There are four types of rank functions that you can use, these are:
- ROW_NUMBER()
- RANK()
- DENSE_RANK()
- NTILE()
These all work slightly differently but they each allow us to gather specific pieces of data from various places into one place without repeating any content unnecessarily. With these functions, we need to include something called a PARTITION BY Clause which divides our databases into subsections so it knows where the relevant information should go within this new single output row.
Here’s an example:
SELECT *,
RANK() OVER (PARTITION BY Category_id, Category_name ORDER BY entry_id DESC) AS rank
FROM Categories AS C
INNER JOIN (
SELECT DISTINCT Category_id, Category_name
FROM Categories
) AS T ON C.entry_id = T.entry_id
WHERE T.rank > 1;
ALTER TABLE Categories
DROP COLUMN entry_id;
SELECT * FROM Categories;
Here is a complete example, beginning with a table and values.
-- Create the Animals table
CREATE TABLE Animals (
entry_id INT,
Animal_id INT,
Animal_name VARCHAR(50)
);
-- Insert sample values into the Animals table
INSERT INTO Animals (entry_id, Animal_id, Animal_name)
VALUES
(1, 1, 'Cat'),
(2, 2, 'Dog'),
(3, 3, 'Cat'),
(4, 1, 'Cat'),
(5, 2, 'Dog');
-- Display the initial contents of the Animals table
SELECT * FROM Animals;
-- Remove duplicate rows using RANK function
DELETE FROM Animals
WHERE (Animal_id, Animal_name) IN (
SELECT Animal_id, Animal_name
FROM (
SELECT Animal_id, Animal_name,
RANK() OVER (PARTITION BY Animal_id, Animal_name ORDER BY entry_id DESC) AS rank
FROM Animals
) AS RankedAnimals
WHERE rank > 1
);
-- Display the final contents of the Animals table after removing duplicate rows
SELECT * FROM Animals;
This code creates a new table called “Animals” with columns for entry ID, animal ID, and name. Sample values are then added to the table. The RANK function is used to identify any duplicate rows based on both their animal IDs and names. These duplicates will be removed from the initial contents of the Animals table, which can be viewed as part of this process before they’re deleted. This leaves us with an output displaying only non-duplicate results in our Animals column.
Conclusion
Several methods can be employed to delete duplicate records in SQL databases. The Group By and Having clause enables one to group the rows according to specified columns and filter out duplicates. Using Common Table Expressions (CTE) along with ROW_NUMBER() will assign each row its own unique number, which can be used for deleting any repeated data.
You can also check out this comprehensive list of SQL interview questions to excel at your next job interview.
FAQs
Removing duplicate records in SQL is important because of the following reasons:
a. It maintains data accuracy.
b. It removes the possibility of incorrect results when performing data analysis.

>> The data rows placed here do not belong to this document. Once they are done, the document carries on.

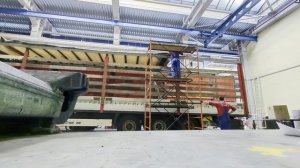 Разбираем полуприцеп Krone (Крона) для замены направляющих за 5.30 под песню Седая Ночь Шатунов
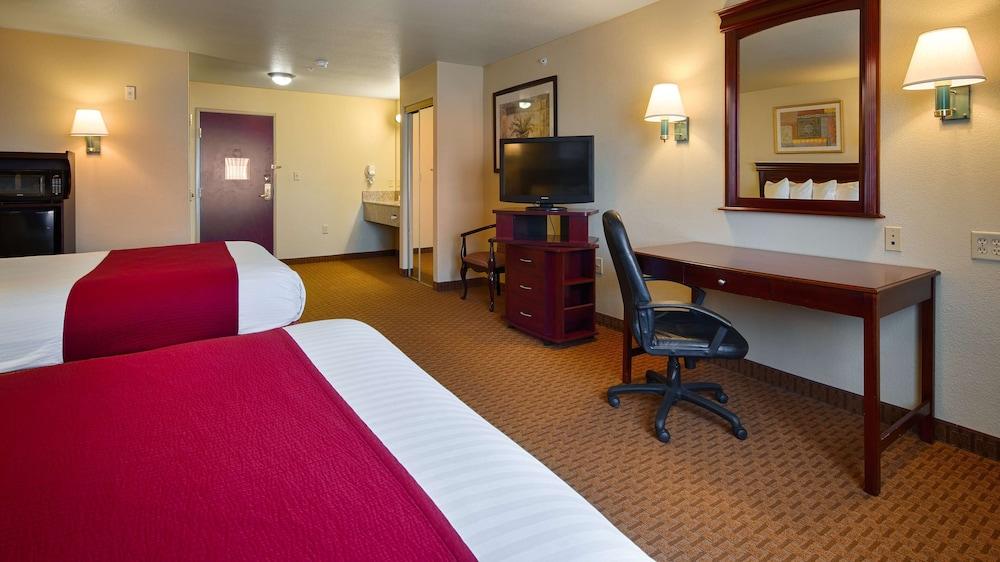 SureStay Plus Hotel by Best Western Quanah photo 6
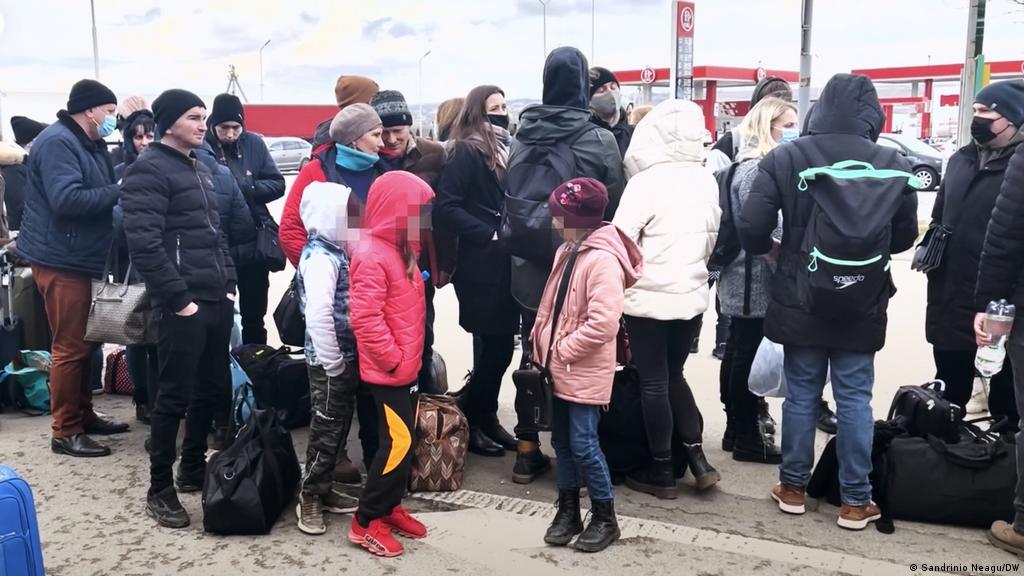 RRËFIMET/ Në kufirin Poloni-Ukrainë përgatitje për një valë të re refugjatësh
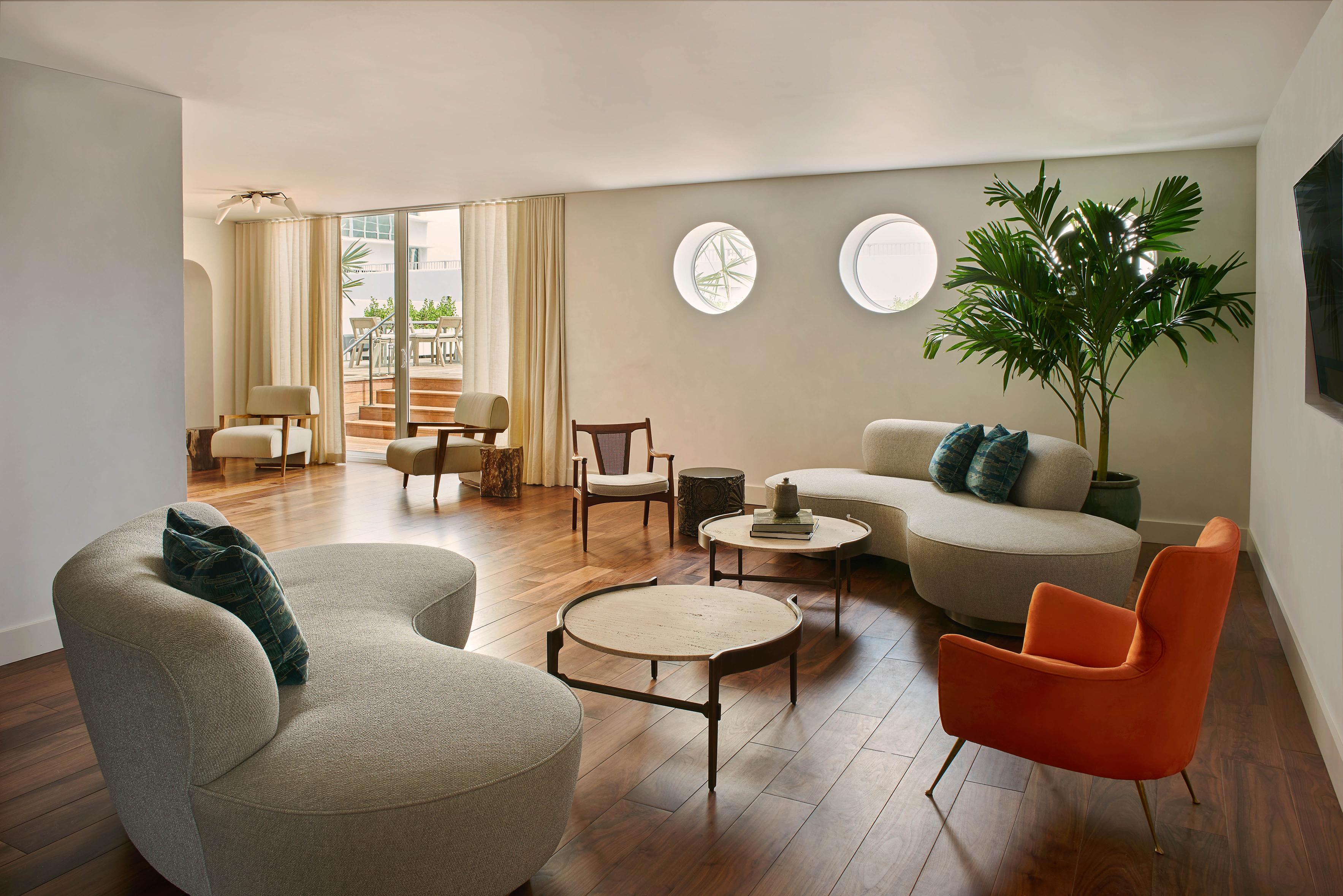 Nautilus Sonesta Μαϊάμι Μπιτς Εξωτερικό φωτογραφία The Living Room at The Standard East Village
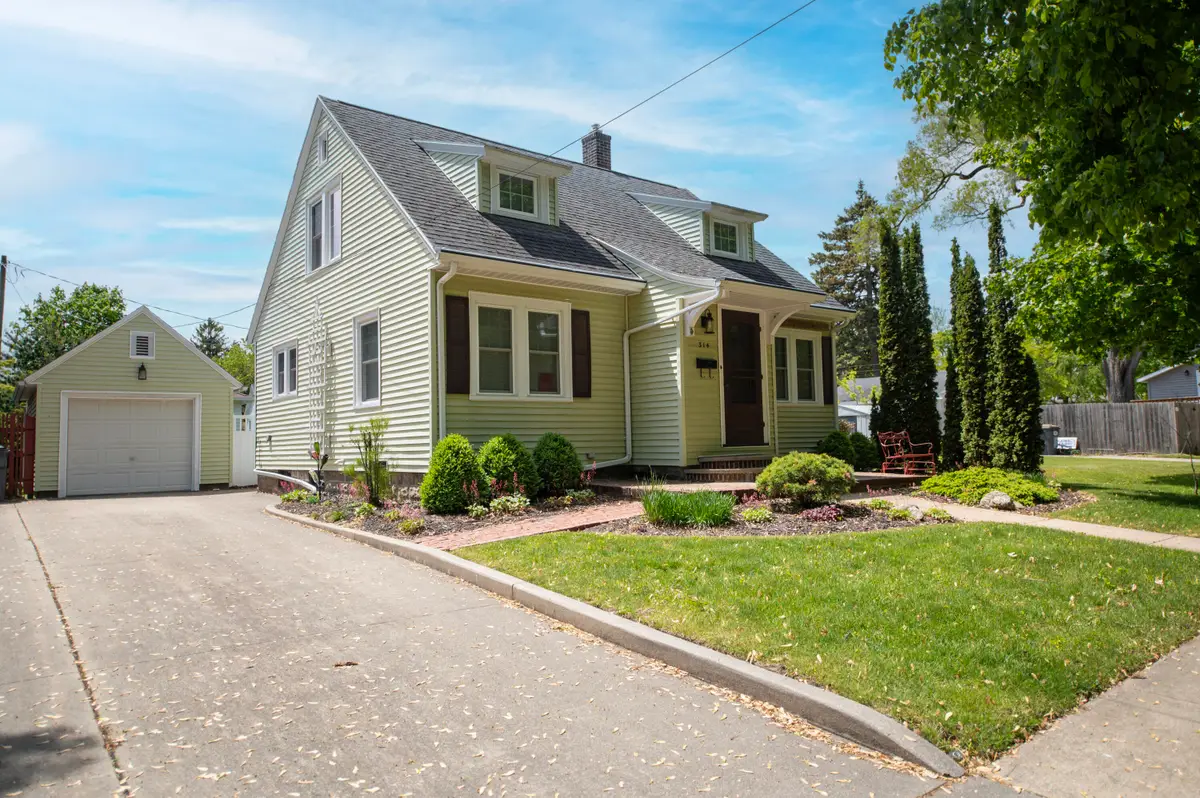 314 Van Buren Street, South Haven, MI 49090 - #1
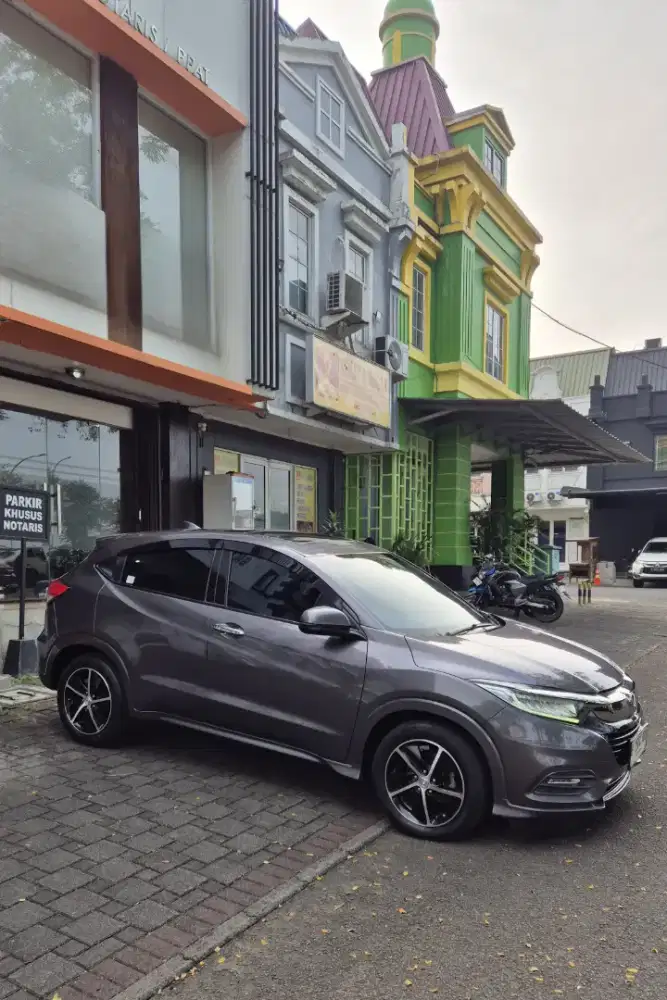 Honda HRV Prestige 1.8 /AT Tahun 2019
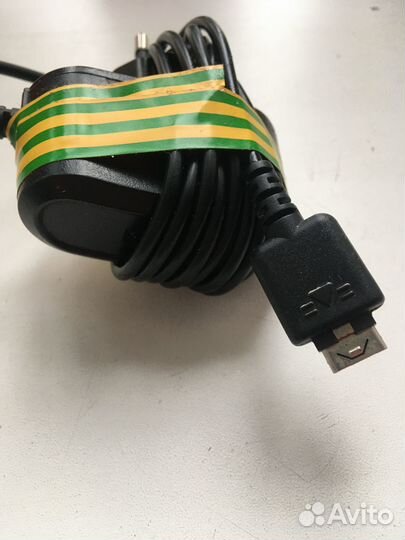 Зарядки для телефонов и навигатора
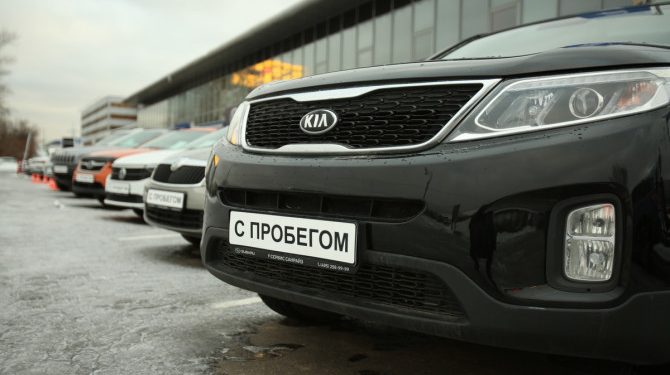 Названы автомобили с пробегом, которые чаще всего покупают в кредит
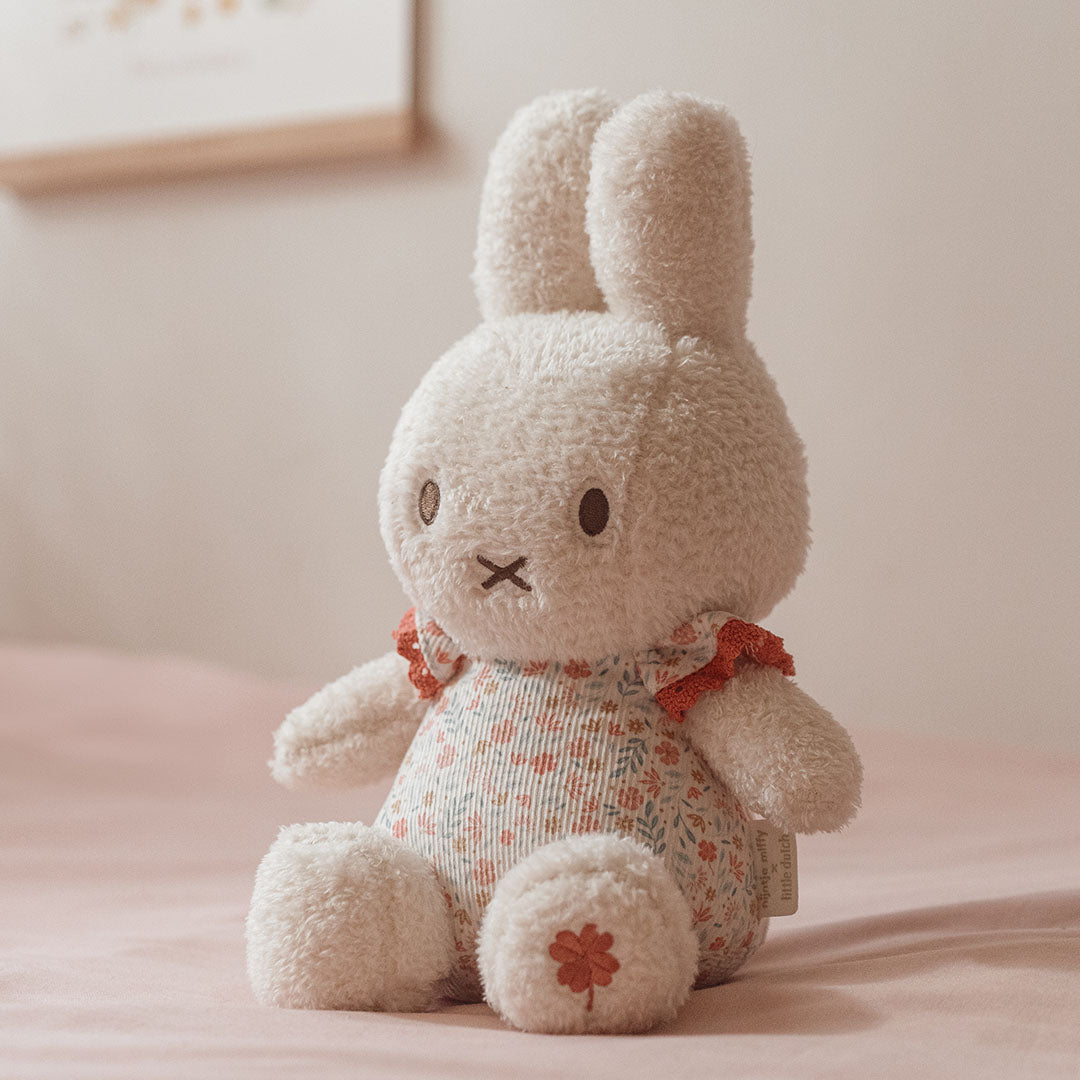 little dutch knuffelkonijn nijntje - lucky blossom - 20 cm | NIJN351 | 5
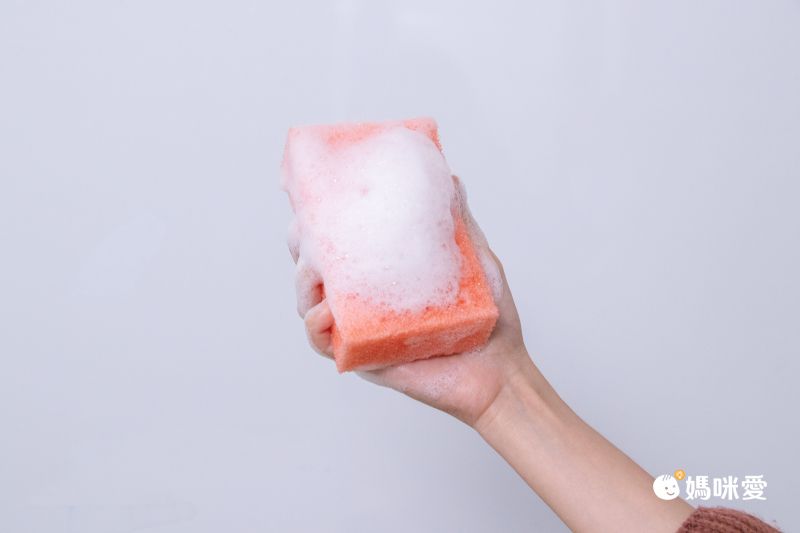 日本 SUN SEVEN - 日本製 超強起泡力持久耐用菜瓜布-定番款-花色隨機-四入組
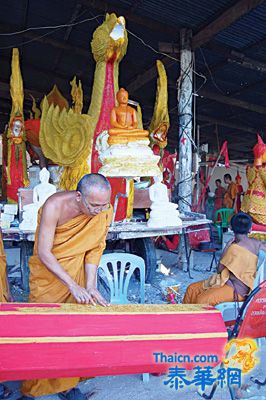 เที่ยววัฒนธรรมสืบสานประเพณี 34ปี แห่เทียนพรรษาฯเมืองอุบลฯ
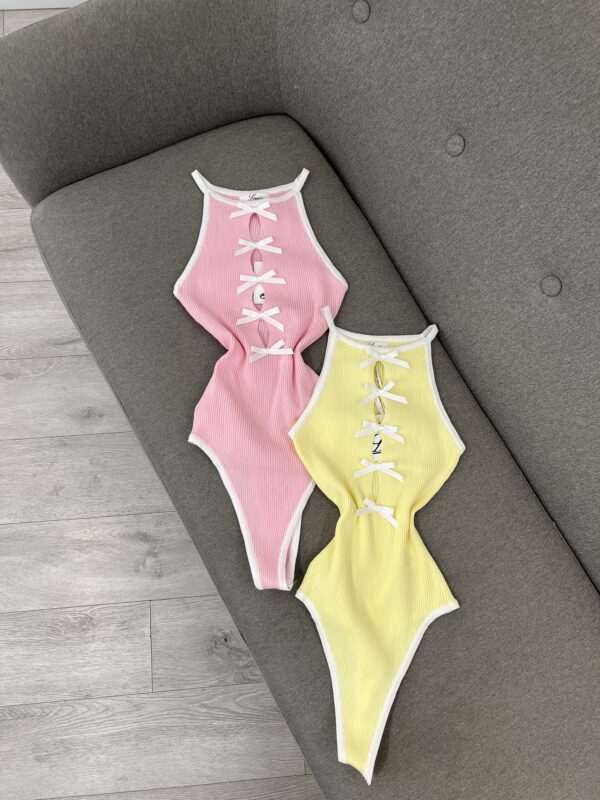 Bodysuit-ë Halter me Detaje Dantelle: Stili Veror në Ngjyra Pastel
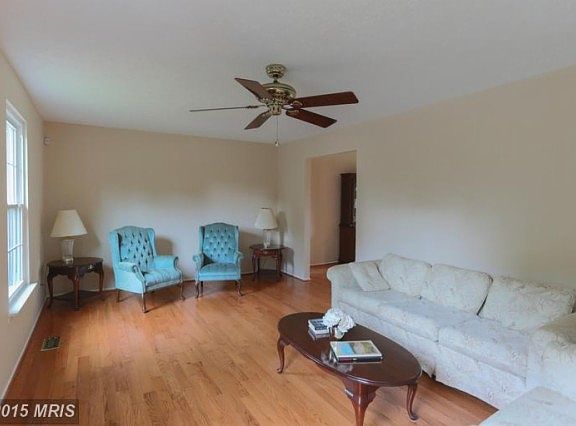 3rd image of 354 Council Oak Dr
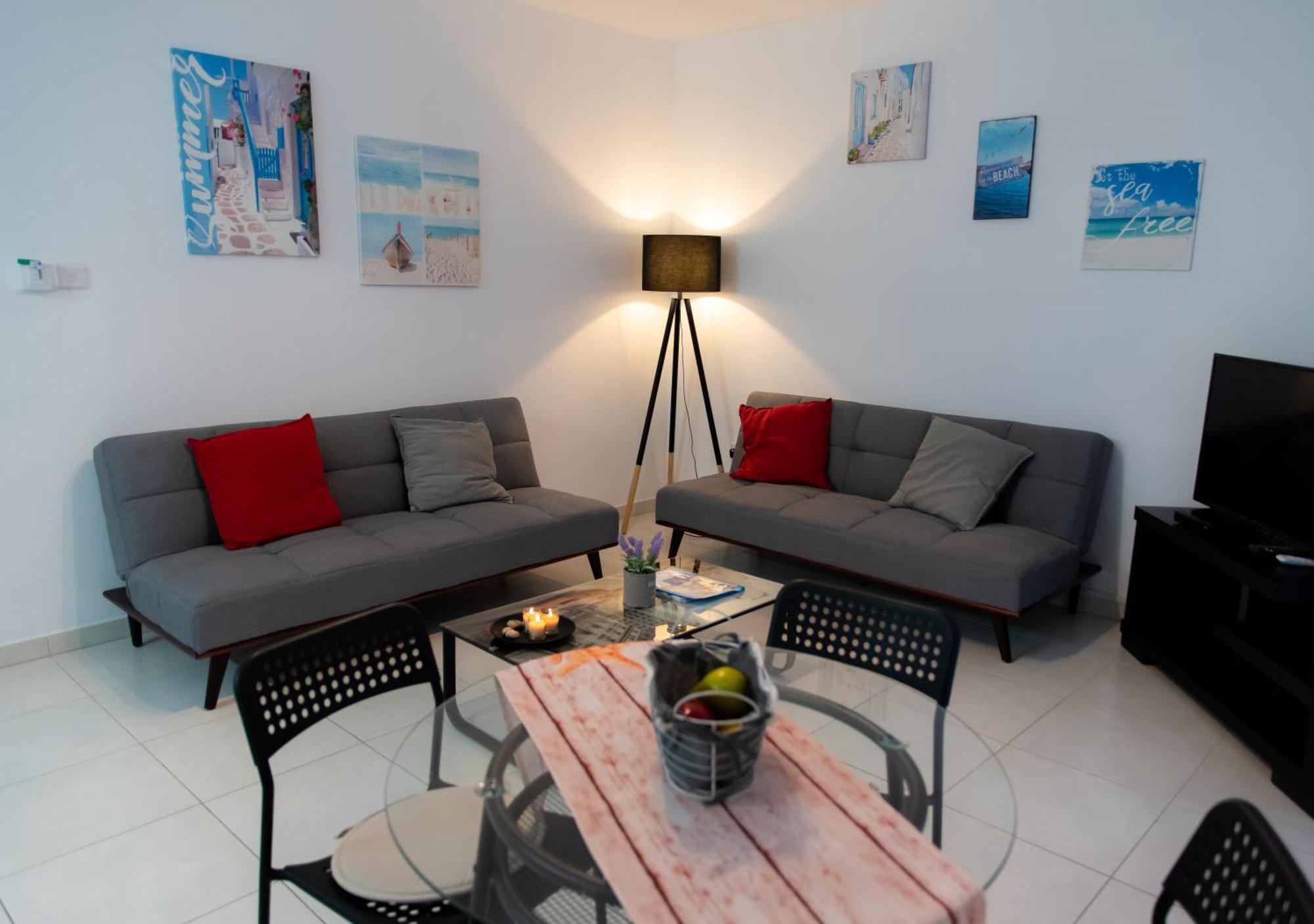 Kypkeys Apartments Voroklini Room photo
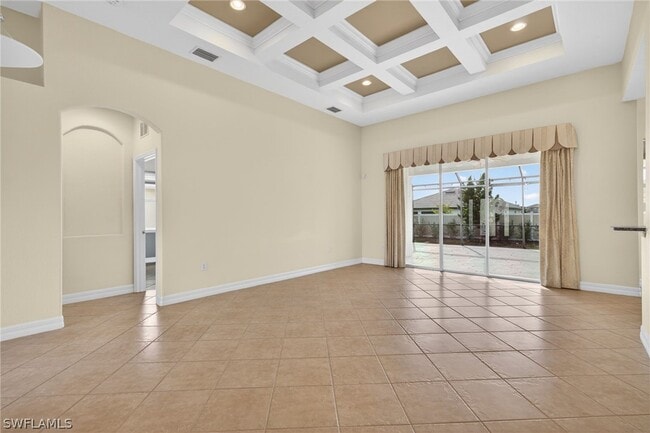 Building Photo - 25080 Divot Dr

c. It is crucial for faster query performance as the large size of the database leads to slower query performance.
To delete duplicate rows in SQL using Rownum, you need to use a Select statement with the Rownum function, along with the Group By and Having clauses. For example,
SELECT Column1, Column2, ROW_NUMBER()
OVER (PARTITION BY Column1, Column2 ORDER BY Column1)
AS RowNumber FROM TableName
GROUP BY Column1, Column2 HAVING COUNT(*) > 1
This statement will group data by Column1 and Column2 and count the number of duplicates. Finally, it will return all records with a count greater than 1.
There are two clauses through which duplicate rows can be found in SQL.
GROUP BY: It is used to arrange identical data into groups. This means that if a certain column contains the same values in multiple rows, it will group those rows together.
HAVING: It allows you to filter records based on aggregate functions. By using the HAVING clause in conjunction with the COUNT() function, you can easily find duplicate rows in a table.